17.2.15

ATENÇÃO

Podias parar de reclamar a minha atenção.
Ficas tão centrado na minha ausência que nem, quando estou, me deixas estar. Todos os nossos assuntos ficaram resumidos ao tempo que desperdiço fora de ti.
Sabes que todo o tempo que bate neste relógio é meu? Disse-te desde o início. Se não ouviste as badaladas não foi por não terem soado mas porque o teu relógio conta mais os meus minutos do que marca os teus compassos.
Não sei dançar assim. Tu não me danças, atropelas-me. Gastas a sola toda dos teus sapatos novos neste tango e não vamos a lugar algum se a rosa que trazes na boca murchar.
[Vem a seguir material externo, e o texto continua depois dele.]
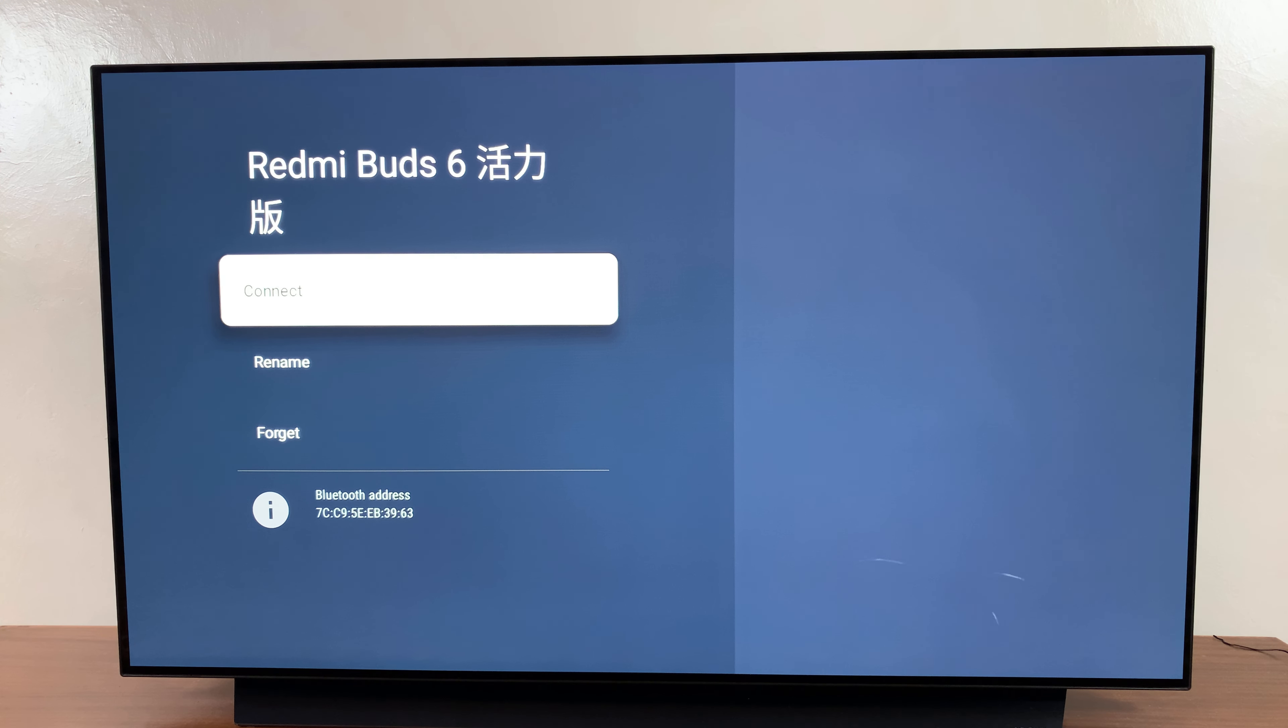Once you've done that, you want to confirm that you wish to forget this device. Confirm that.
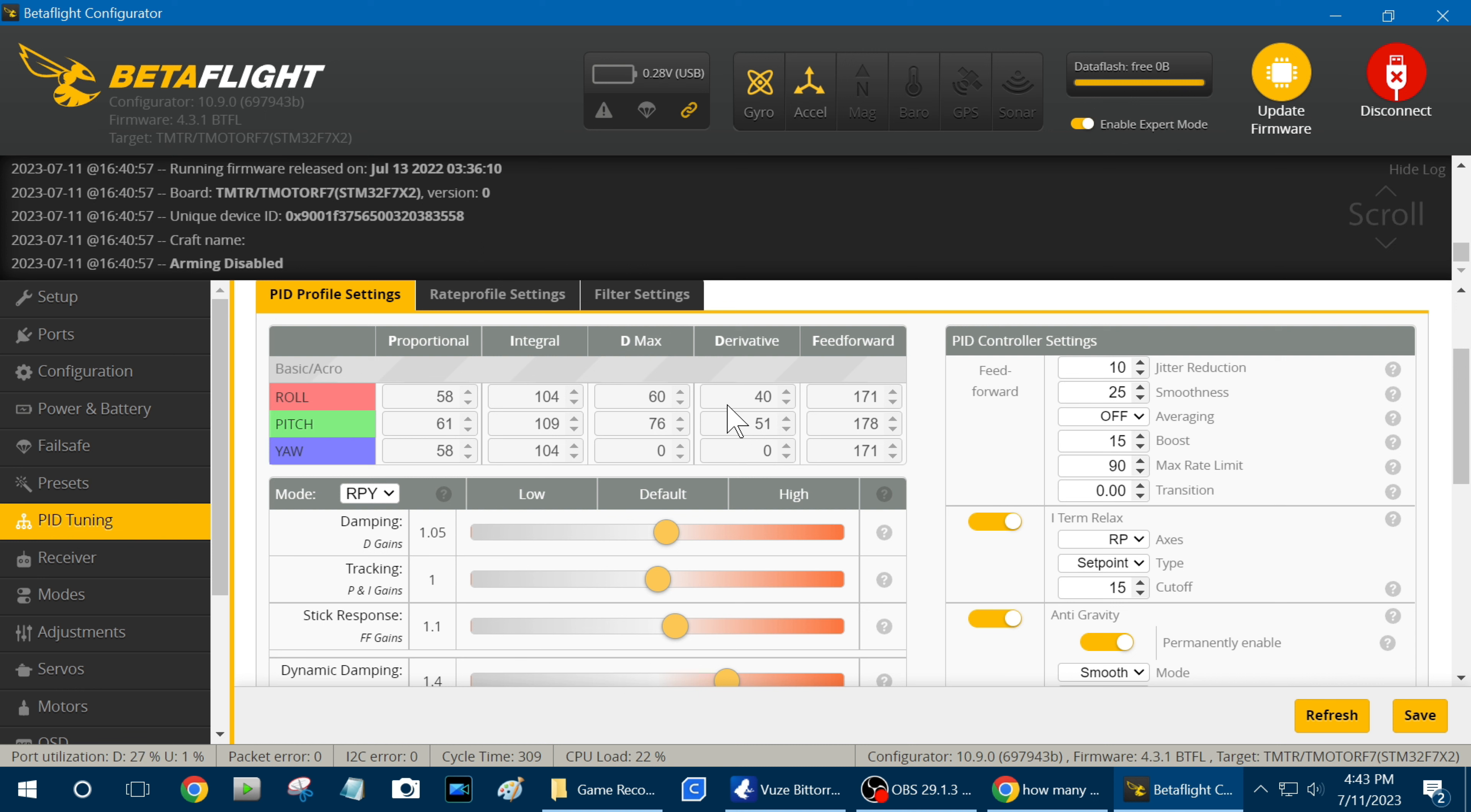And even with all that, you can get a solid 3 minutes of flight time running the dog out of it and off a 1300 4S LiPo with that low of kV motors.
As nossas conversas também estão secas. Cortaste, pela raiz, todas as palavras que tinha nos lábios e deixámos de falar a mesma linguagem. Ainda temos expressão e gestos.
O movimento do meu corpo também revela. Se não te esconderes no negativo talvez consigas a luz certa para o meu retrato. Só não consegues fotografar o gosto que o meu corpo tem, nem sentir-lhe o cheiro ou tocar-lhe a pele.
A minha imagem podes guardar no bolso do tecido que te cobre. É a única forma que tenho de te vestir de sentido sem voltares a afirmar em voz de comando: “Atenção!”.